(Stored entries)
=======

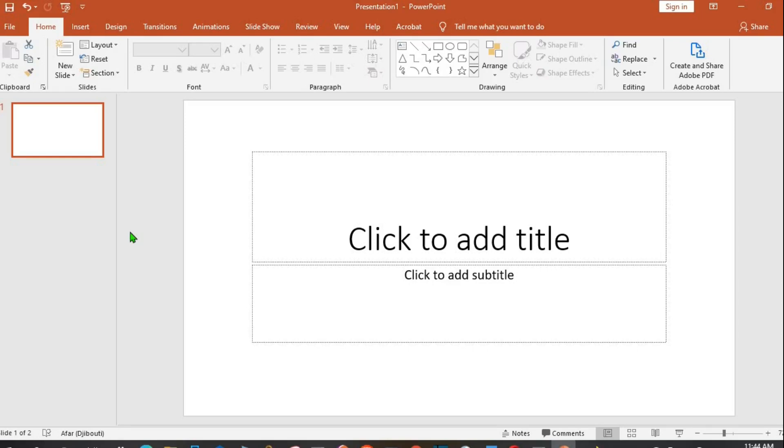In this tutorial today, we shall be learning how to make an image transparent in Microsoft PowerPoint. This will enable you to use such an image as a background in your Microsoft PowerPoint.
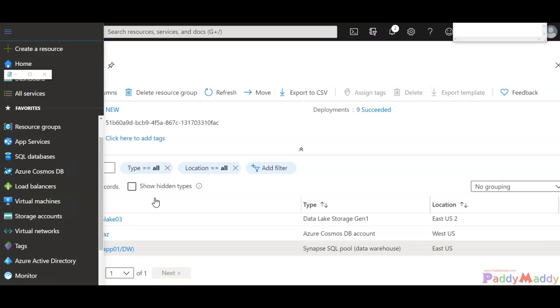It doesn't matter if it is standard storage or premium storage, or you're using cool, hot, or archive access different tiers. It doesn't matter; it actually encrypts all the data.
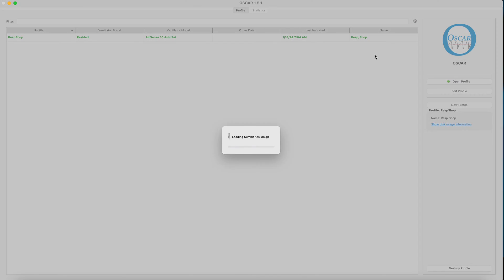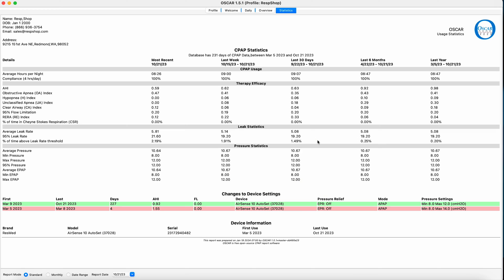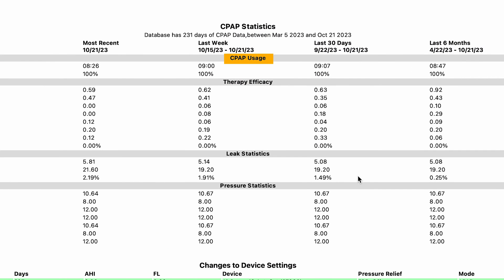Right, so with your profile set up, it's time to look at the three icons on the right-hand side that will be active. The one furthest to the right brings up the statistics window. In here, you will find two panels. The top panel summarizes some core statistics in the following groups: Usage, efficacy, leak stats, and pressure settings.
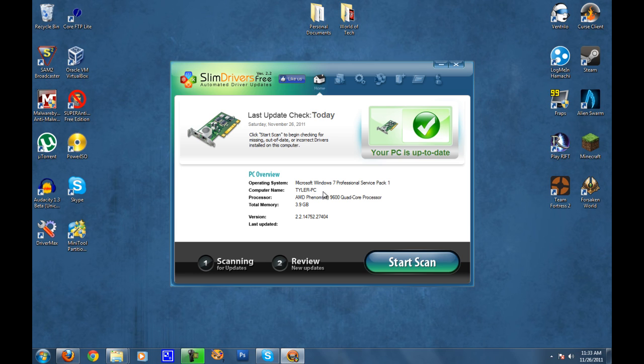Now it only takes about 26 megabytes of your hard disk space, so might as well keep it. It's not going to clean up much room and doesn't take that much room. As you can see, the interface is really simple, it's clean, and it gives you a PC overview.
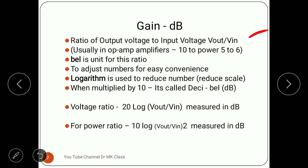In op-amp amplifiers, gain can be 10^5 to 10^6 — a huge number. It is not convenient to express such large numbers directly. So we reduce that number using a logarithmic scale. Whatever the gain is — that 5 or 6 digit number — we call it in terms of bell. But to make it convenient we apply logarithm, which reduces big numbers to small numbers.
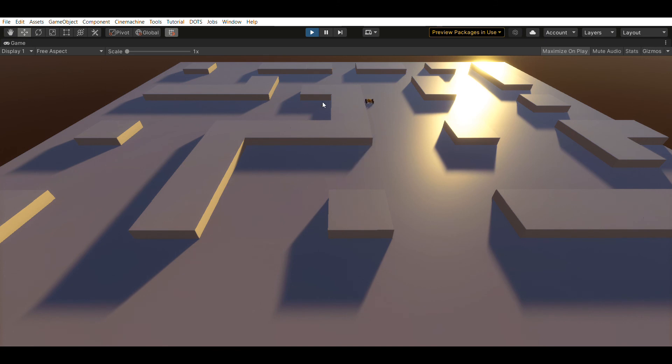By the way, the level that you are seeing is procedurally generated using wave function collapse algorithm. Check out my previous videos if you want to know more.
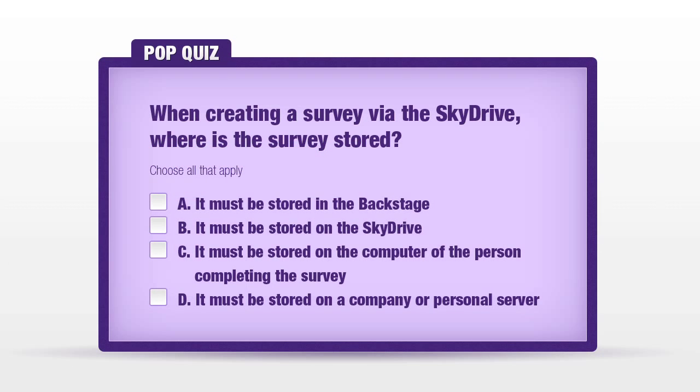It's time for another pop quiz question. When creating a survey via the SkyDrive, where is the survey stored? A, it must be stored in the backstage. B, it must be stored on the SkyDrive. C, it must be stored on the computer of the person completing the survey. D, it must be stored on a company or personal server.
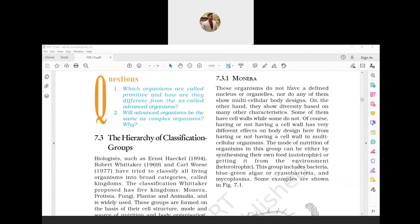Classification is done by naming groups at various levels in the scheme, as follows: Kingdom, then Phylum for Animals and Division for Plants.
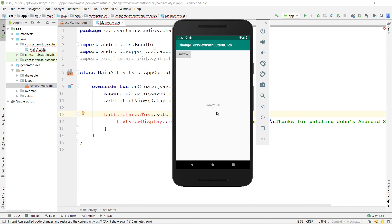Hello. In this video, I'm going to show you how to change the text of TextView with the click button in Android Studio.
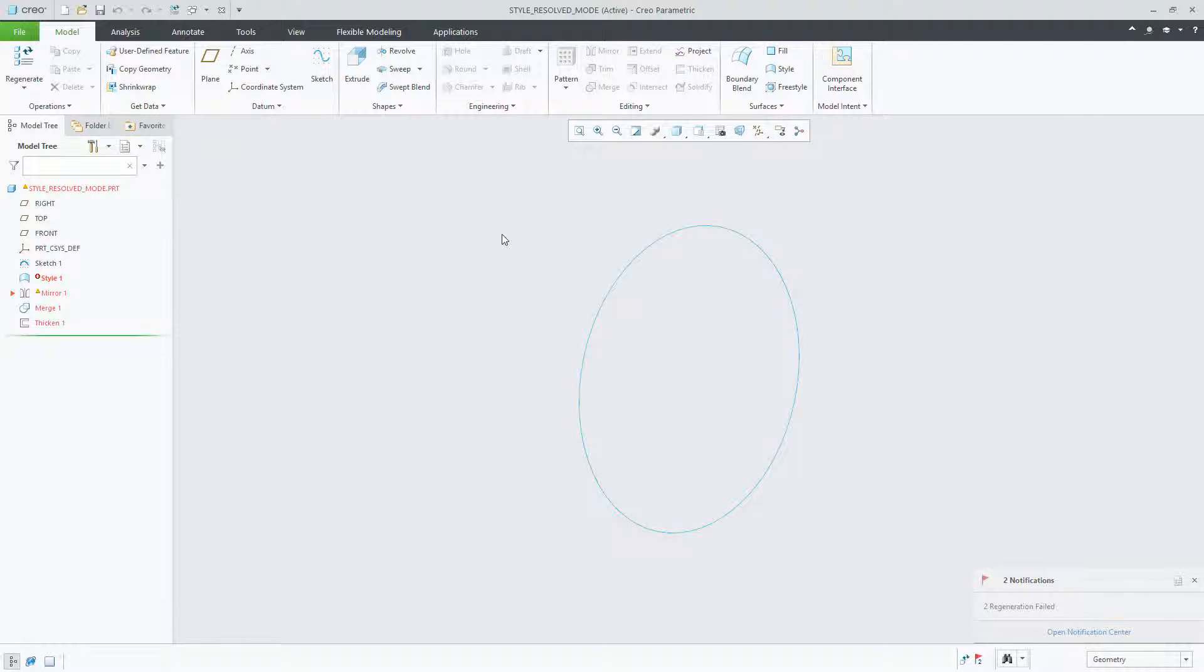In Creo Parametric 6.0, style has been enhanced to assist users with viewing and fixing potential failed entities. This is a continuation to the enhancements made in Creo 5.0 to the resolve mode in style.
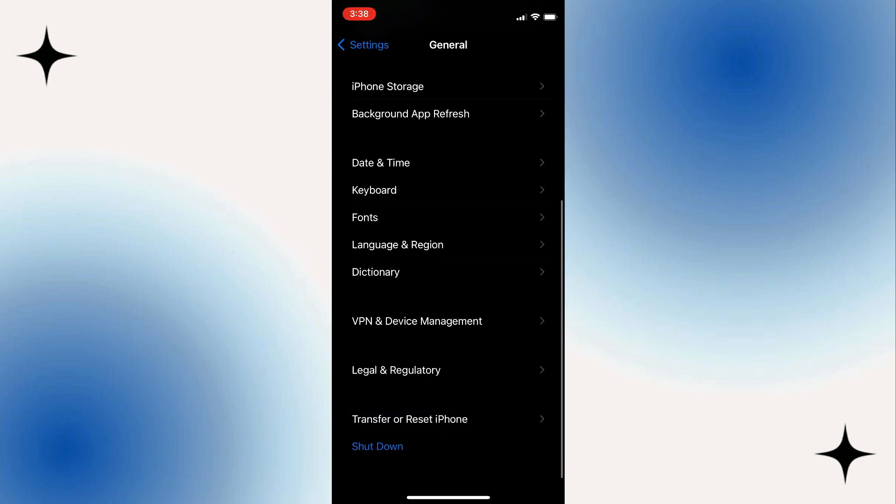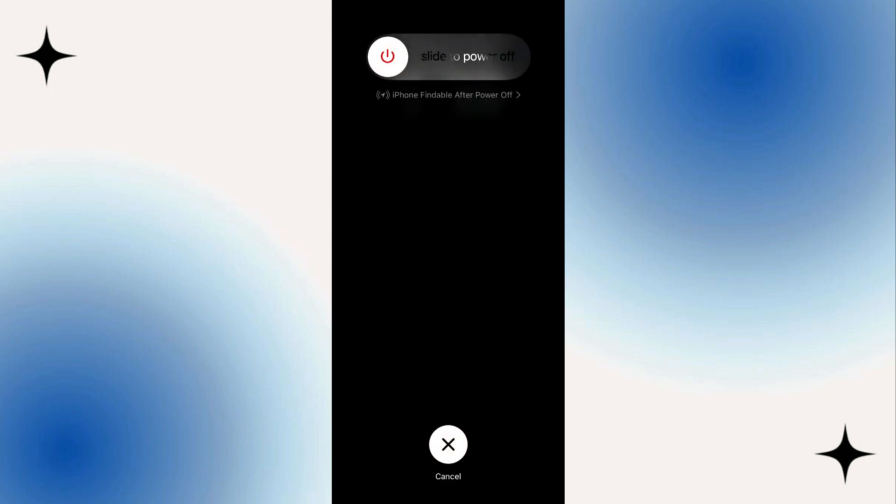Press and quickly release the volume up button. Press and quickly release the volume down button. Press and hold the power button until the Apple logo appears.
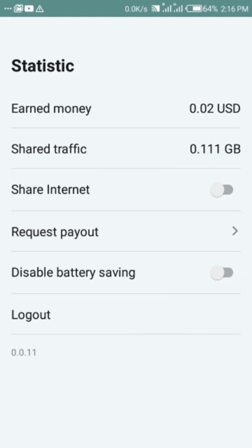Now it's left for you to activate the traffic by clicking on share internet, and it's on. That is all. I think that is just the easiest way. You can just install the application and you start earning passively because this is a passive income application. You don't need to do any other work, you're sharing your internet.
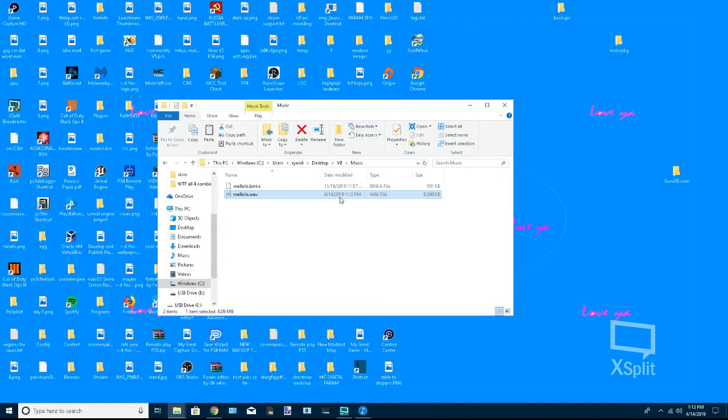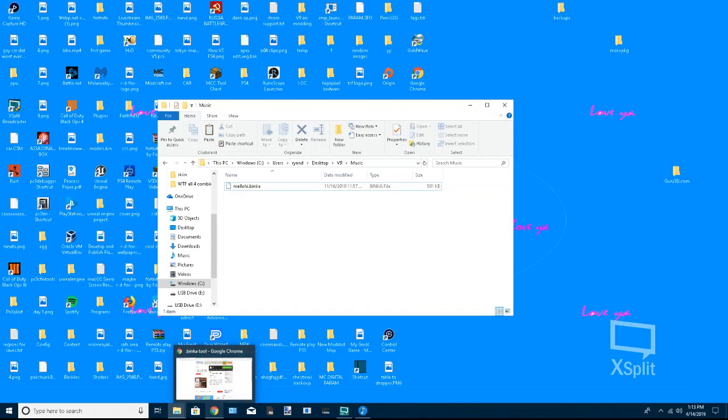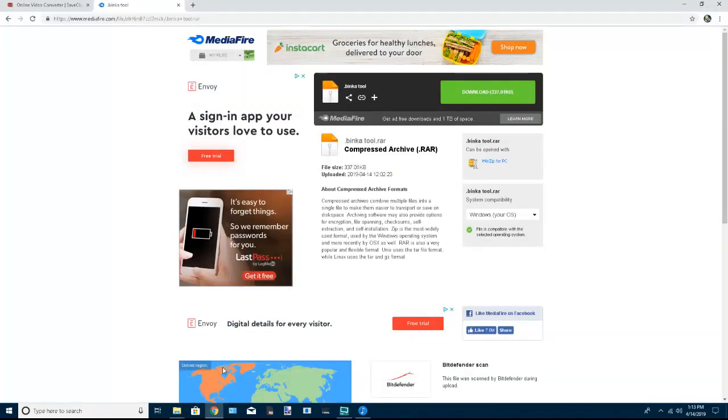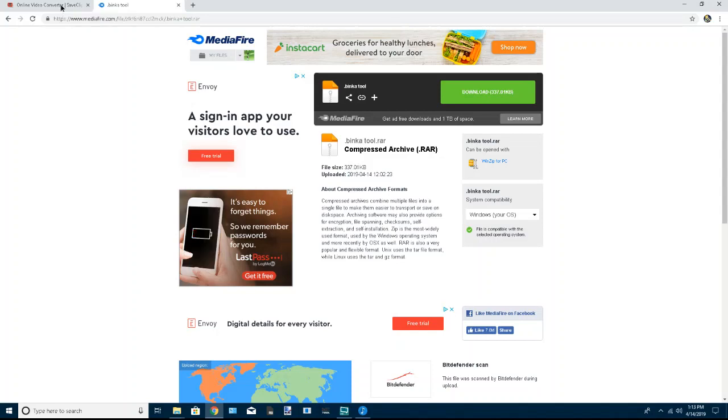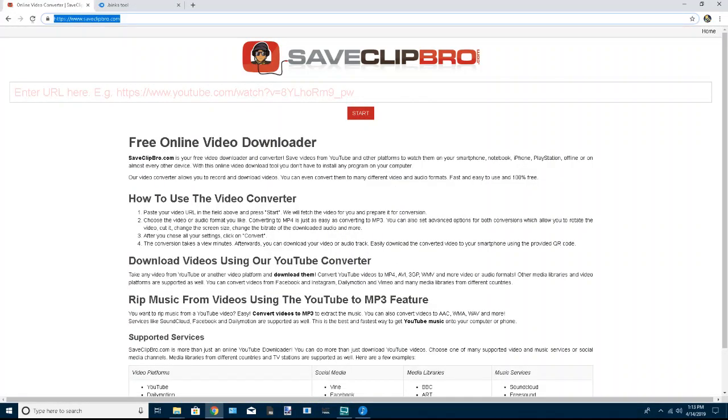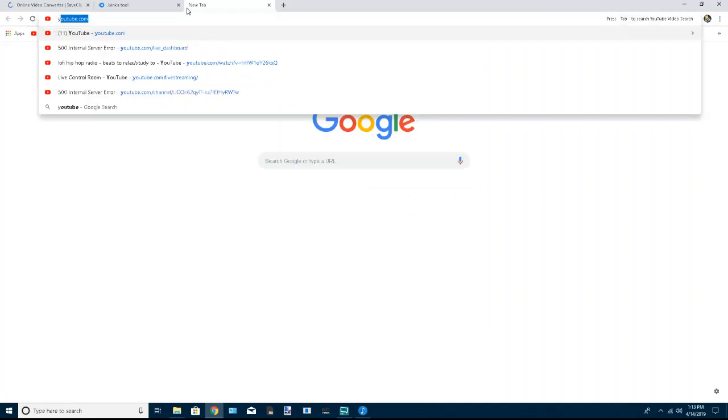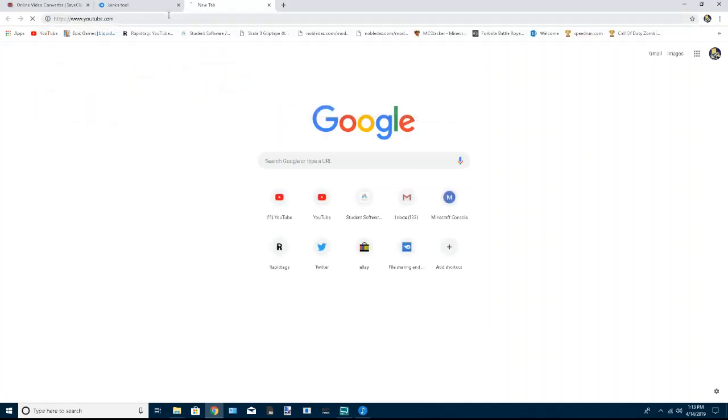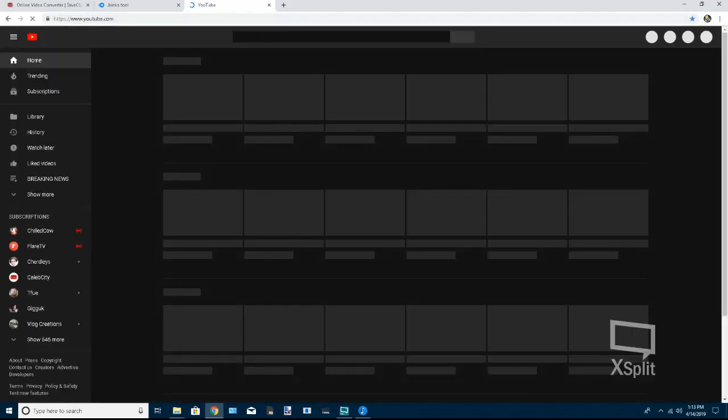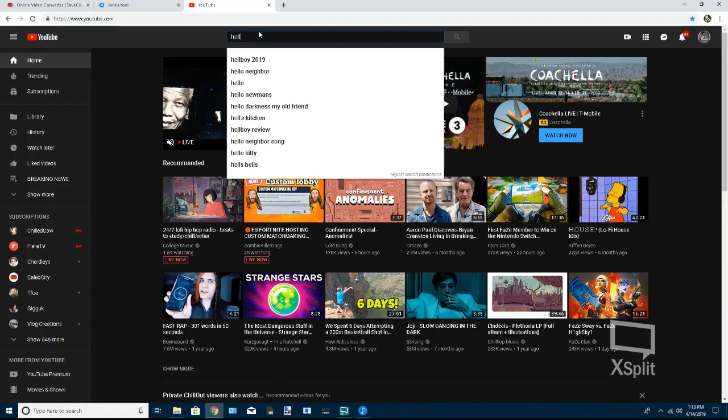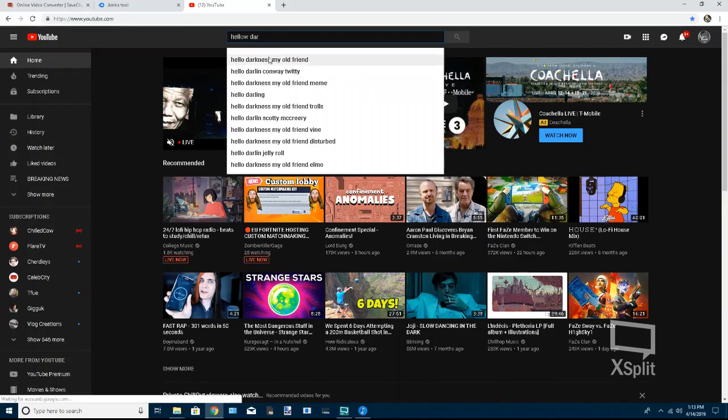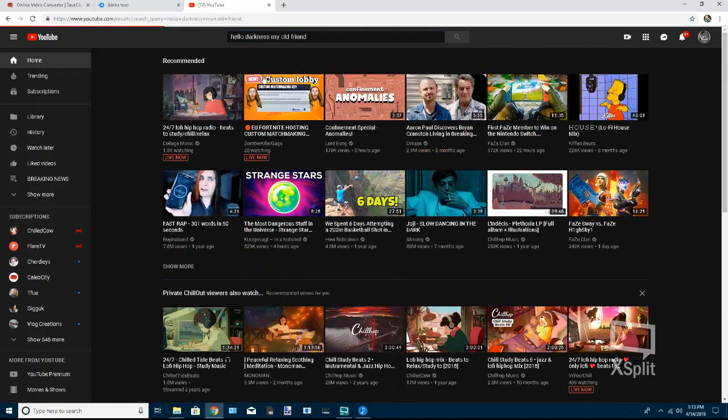Now in order to get a custom song, you just want to go to the link I have in the description, saveclipbro.com, and you want to find the song that you want. And I'm just going to hit 'hello darkness my old friend.'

=======

* **EXERCISE DIRECTIONS**: Where a record above holds a picture, drop the picture and print the rest exactly.

* **SOLUTION FOR THIS EXERCISE**:
In this tutorial today, we shall be learning how to make an image transparent in Microsoft PowerPoint. This will enable you to use such an image as a background in your Microsoft PowerPoint.
It doesn't matter if it is standard storage or premium storage, or you're using cool, hot, or archive access different tiers. It doesn't matter; it actually encrypts all the data.
Right, so with your profile set up, it's time to look at the three icons on the right-hand side that will be active. The one furthest to the right brings up the statistics window. In here, you will find two panels. The top panel summarizes some core statistics in the following groups: Usage, efficacy, leak stats, and pressure settings.
Now it only takes about 26 megabytes of your hard disk space, so might as well keep it. It's not going to clean up much room and doesn't take that much room. As you can see, the interface is really simple, it's clean, and it gives you a PC overview.
In op-amp amplifiers, gain can be 10^5 to 10^6 — a huge number. It is not convenient to express such large numbers directly. So we reduce that number using a logarithmic scale. Whatever the gain is — that 5 or 6 digit number — we call it in terms of bell. But to make it convenient we apply logarithm, which reduces big numbers to small numbers.
By the way, the level that you are seeing is procedurally generated using wave function collapse algorithm. Check out my previous videos if you want to know more.
It's time for another pop quiz question. When creating a survey via the SkyDrive, where is the survey stored? A, it must be stored in the backstage. B, it must be stored on the SkyDrive. C, it must be stored on the computer of the person completing the survey. D, it must be stored on a company or personal server.
Classification is done by naming groups at various levels in the scheme, as follows: Kingdom, then Phylum for Animals and Division for Plants.
Hello. In this video, I'm going to show you how to change the text of TextView with the click button in Android Studio.
In Creo Parametric 6.0, style has been enhanced to assist users with viewing and fixing potential failed entities. This is a continuation to the enhancements made in Creo 5.0 to the resolve mode in style.
Press and quickly release the volume up button. Press and quickly release the volume down button. Press and hold the power button until the Apple logo appears.
Now it's left for you to activate the traffic by clicking on share internet, and it's on. That is all. I think that is just the easiest way. You can just install the application and you start earning passively because this is a passive income application. You don't need to do any other work, you're sharing your internet.
Now in order to get a custom song, you just want to go to the link I have in the description, saveclipbro.com, and you want to find the song that you want. And I'm just going to hit 'hello darkness my old friend.'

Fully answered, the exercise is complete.